By Cara Smth - Quad-City Times
Dec. 5, 2021 7:00 am
Hedge fund Alden Global Capital is attempting to acquire Davenport-based Lee Enterprises, one of the country's largest newspaper chains, in all the markings of a hostile takeover.
Since Alden's unsolicited offer on Nov. 22, Lee has taken steps to thwart the acquisition, and Alden has countered with moves to install its preferred members on Lee's board of directors.
Media experts, journalists and some lawmakers have expressed concerns about the deal, especially because Alden has been known to slash newsrooms well beyond the downsizing that's already happened across the industry.
At stake is the future of community journalism in cities across the nation.
We spoke with experts in mergers and acquisitions, economics and journalism about what happens next.
Who are the players?
Lee Enterprises provides local news and information, and is an advertising platform in print and digitally, in 77 markets in 26 states. In 2020, it acquired Berkshire Hathaway Group's newspapers for $140 million, doubling its size.
Based on total circulation, Lee is now the third-largest owner of newspapers in the United States, with major holdings in St. Louis, Buffalo, N.Y., Omaha, Madison, Wisc., and Tucson, Ariz. It also owns 10 newspapers in Iowa, including the Waterloo-Cedar Falls Courier, Quad-City Times and Sioux City Journal, and has a sharing a news-sharing arrangement with The Gazette.
Lee stock is publicly traded on the New York Stock Exchange.
Alden is, according to its website, a New York City-based investment firm. The hedge fund was founded in 2007 and through acquisitions has become the second-largest owner of newspapers in the United States, behind Gannett. Its major newspaper holdings include the Chicago Tribune, The Denver Post, the St. Paul Pioneer Press and the Boston Herald. It is privately held.
What's in the offer?
On Nov. 22, Alden offered $24 per share for Lee, or about $141 million in cash, on a day when the stock was trading at about $18 a share. Lee stock closed at $25.11 on Friday.
Alden has a track record of scooping up local newspapers, and that's part of a larger pattern of hedge funds buying local media outlets, said Rick Edmonds, media business analyst for the Poynter Institute for Media Studies, a not-for-profit media research group.
Edmonds said hedge funds find media companies attractive because they are relatively cheap to buy and have upside profit potential through the sale of the newspapers' real estate.
“They think they can make a profit both by consolidation, so sort of spreading costs over large groups and papers,” Edmonds said. “But they’re all — and this particularly true of Alden — specialists or sub-specialists in selling real estate and getting maximum value for real estate.”
Alden owns 6 percent of Lee’s stock already, and because it's making a cash offer — something it couldn't do when it purchased the Chicago Tribune — it says it could close a deal in four weeks if Lee accepts.

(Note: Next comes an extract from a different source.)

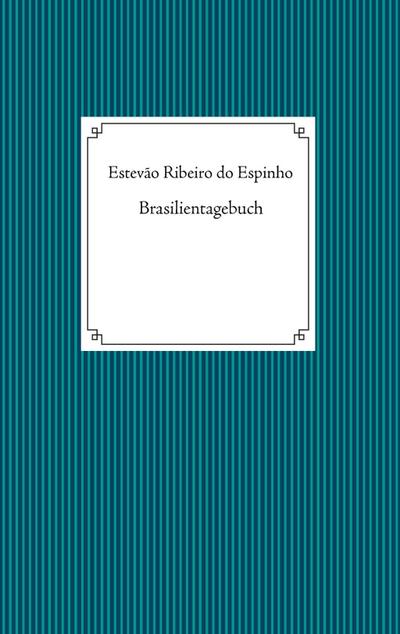 Brasilientagebuch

Alden asserts under its ownership, Lee papers “would be in a stronger position to maximize its resources and realize strategic value that enhances its operations and supports its employees in their important work serving local communities.”

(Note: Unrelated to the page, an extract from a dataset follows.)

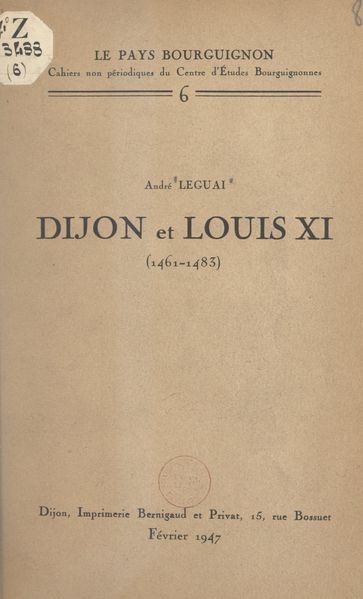 Dijon et Louis XI (1461-1483) - André Leguai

Lee said in a news release that “in consultation with its financial and legal advisers, Lee’s board of directors will carefully review Alden’s proposal.”

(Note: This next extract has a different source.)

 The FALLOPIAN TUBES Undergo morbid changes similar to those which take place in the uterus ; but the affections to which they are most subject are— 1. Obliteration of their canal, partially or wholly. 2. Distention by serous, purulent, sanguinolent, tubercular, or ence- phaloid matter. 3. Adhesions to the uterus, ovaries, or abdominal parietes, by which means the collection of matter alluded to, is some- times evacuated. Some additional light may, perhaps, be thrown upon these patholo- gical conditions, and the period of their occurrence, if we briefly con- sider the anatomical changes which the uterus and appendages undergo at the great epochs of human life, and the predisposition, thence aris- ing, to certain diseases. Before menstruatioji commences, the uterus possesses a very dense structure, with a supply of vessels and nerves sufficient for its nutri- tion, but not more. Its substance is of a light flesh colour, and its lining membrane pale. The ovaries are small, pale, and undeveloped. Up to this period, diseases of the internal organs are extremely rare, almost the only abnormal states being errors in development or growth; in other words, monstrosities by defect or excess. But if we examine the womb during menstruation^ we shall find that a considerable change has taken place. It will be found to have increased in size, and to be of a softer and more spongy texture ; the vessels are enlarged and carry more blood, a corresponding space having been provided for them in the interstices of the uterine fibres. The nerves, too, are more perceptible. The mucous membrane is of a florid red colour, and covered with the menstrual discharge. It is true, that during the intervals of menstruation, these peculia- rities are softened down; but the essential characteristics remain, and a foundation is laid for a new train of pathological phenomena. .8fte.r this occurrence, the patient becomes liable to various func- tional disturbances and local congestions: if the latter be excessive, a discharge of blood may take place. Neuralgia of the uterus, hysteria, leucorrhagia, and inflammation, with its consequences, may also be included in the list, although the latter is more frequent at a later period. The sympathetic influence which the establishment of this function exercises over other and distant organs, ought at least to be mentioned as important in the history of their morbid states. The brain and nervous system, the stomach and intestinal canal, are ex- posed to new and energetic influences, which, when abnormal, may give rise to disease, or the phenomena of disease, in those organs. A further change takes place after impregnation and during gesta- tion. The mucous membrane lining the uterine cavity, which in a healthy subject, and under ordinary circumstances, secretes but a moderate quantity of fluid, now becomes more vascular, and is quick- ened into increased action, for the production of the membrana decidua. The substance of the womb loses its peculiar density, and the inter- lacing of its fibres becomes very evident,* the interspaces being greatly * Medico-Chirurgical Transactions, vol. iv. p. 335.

Although unsolicited acquisition offers are common, they can be less successful than mergers, which are negotiated more privately between company managements, according to Manjot Bhussar, a professor specializing in acquisitions at Iowa State University.
“It's more common for them to look at some of the target companies that they think are undervalued,” Bhussar said.
“Then they plan to acquire them and extract more value for them which will benefit their own shareholders.”
Robert Miller, chairman of corporate finance and law at University of Iowa, said publicly announcing the offer signified Alden was “going hostile.”
“Going public begins to put significant pressure on the target board because almost always the offer, as here, was a lot more than the stock price when the market was made,” Miller said.
“You have a lot of shareholders who are saying, ‘Gee, our shares are trading at 18. This guy wants to buy it for 24. That looks good to me.’ That puts a lot of pressure on the board to come to terms with the acquisition.”
What's Lee's strategy?
Lee Enterprises’ board of directors implemented a so-called “poison pill” on Nov. 24 to temporarily guard against a hostile takeover.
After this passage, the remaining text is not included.